I’m Edgy, and I regularly officiate, off-skates, for my league the Birmingham Blitz Dames. If you’ve ever watched a game of roller derby you will have seen that in addition to the players on the track and the referees giving their points and calling their penalties, there are a bunch of us folks off-skates dotted around doing other important things.
The role of a Non-Skating Official (NSO) is varied, from ensuring skaters sit their penalties and that these penalties are properly recorded, to totalling points scored; and from making sure a record is kept of who is on track when, to signalling the start and end of each period, jam (unless called off by a jammer), time out and official review. Not to toot the NSO horn too loudly, but just like teams and refs, a game can not happen without them! Derby can happen but no one will write down your points or record that naughty clockwise block, so like…what’s the point right?!
As this is the first post about NSOing, I just wanted to introduce this aspect of derby as a whole before talking about specific roles in future posts. The roles are as follows in a full NSO roster:
- Jam timer
- Penalty tracker
- Penalty Box Manager
- Penalty wrangler
- Penalty timer x2
- Inside White Board
- Line up tracker x2
- Score keeper x2
- Scoreboard operator
So at games, even though you have to be impartial and can not under any circumstances cheer on your home team, you are part of your own team – and most of the time there are treats (sweets, cakes, free water, sweat-free hugs)! Sometimes there is even actual swag – like the flamingo drink stirrer featured in the picture.
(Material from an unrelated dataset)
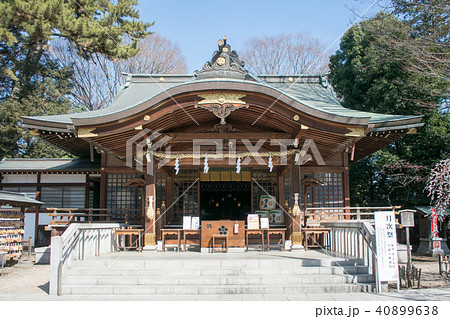 東京都　調布市　布多天神社（ふだてんじんしゃ）　本殿 40899638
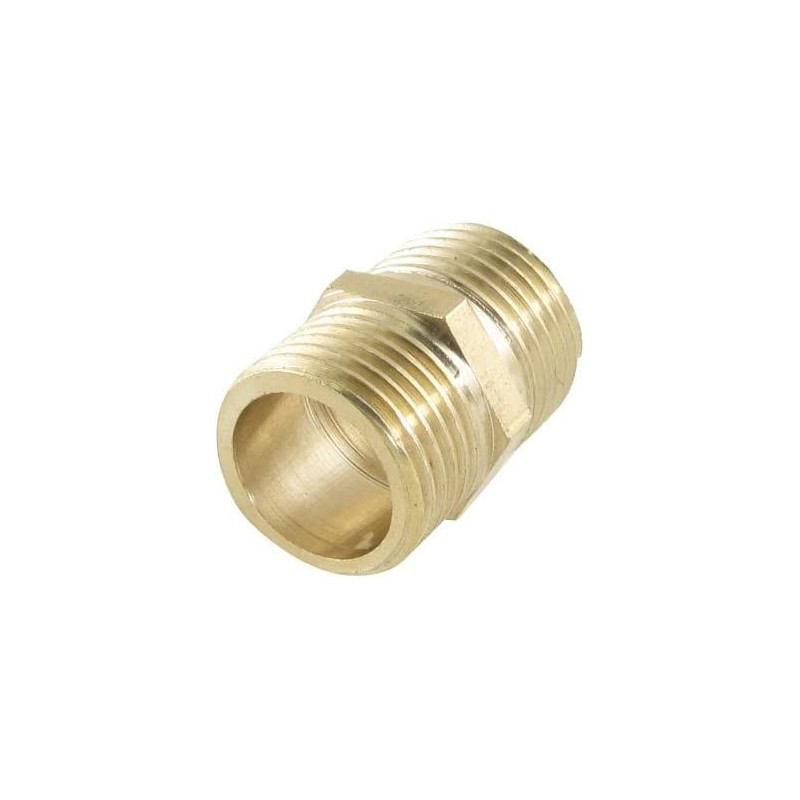 1 2 Pt To 1 2 Pt Male Thread Brass Pneumatic Piping Equal Union Hex Nipple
You will mainly find NSOs in grey or pink, the latter earning us the spirit animal of flamingo, although for specific tournaments there may be other colours like the yellow “watchmen” officials tshirt from the Blitz Dames epic co-ed tournament Marvel -vs- DC in February 2015.
Players will always thank you at the end of a game – there will be sweaty hugs then, and NSOs can gain certifications from the WFTDA through a lot of hard work, as recognition for their skills and confirmation that they are good enough to officiate high level games. So it’s all to play for folks!